Example: Navigation - \(\phi_{\text{walk}}(s)\): high on floors, low on walls - \(\phi_{\text{grasp}}(s)\): high near objects, low in empty space


3. Safety Constraints

Define: An action \(a\) is unsafe at state \(s\) if \(\phi_a(s) < \tau\) (threshold).

This gives implicit safety without explicit rules:

  • Low amplitude → historically bad outcomes
  • Safe policy: only consider actions with \(\phi_a(s) > \tau\)

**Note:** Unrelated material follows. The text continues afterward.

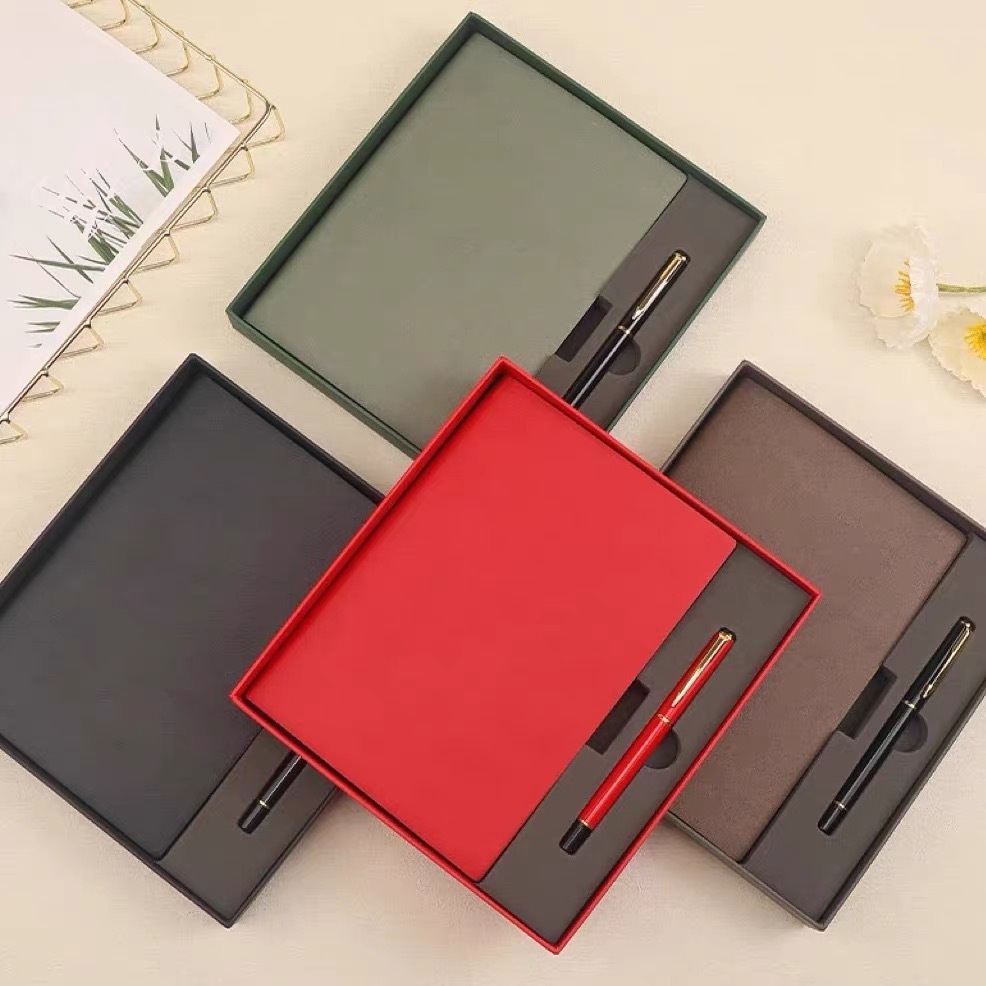Luxury Custom Logo Premium Notebook Pen with Pen  Gift Set for Meeting Event Giveaways Business Set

Example: Autonomous driving - \(\phi_{\text{accelerate}}(s)\): low when obstacle ahead - Learned from experience, not programmed


4. World Model Filtering

Setup: Model-based RL with a world model predicting future states

Challenge: Model might predict physically possible but practically infeasible states

Solution: Filter by action applicability - World model: "You could be in state \(s'\)" - GRL: "But action \(a\) doesn't work there" (low \(\phi_a(s')\)) - Keep only reachable states


5. Skill Discovery

Observation: Actions with compact support (high \(\phi_a\) in small region) are natural skills.

Algorithm:

  1. Compute \(\phi_a(s)\) for all actions
  2. Find actions with localized high-amplitude regions
  3. Each compact region defines a skill

Why: Skills are actions that work in specific contexts—exactly what state wavefunctions capture.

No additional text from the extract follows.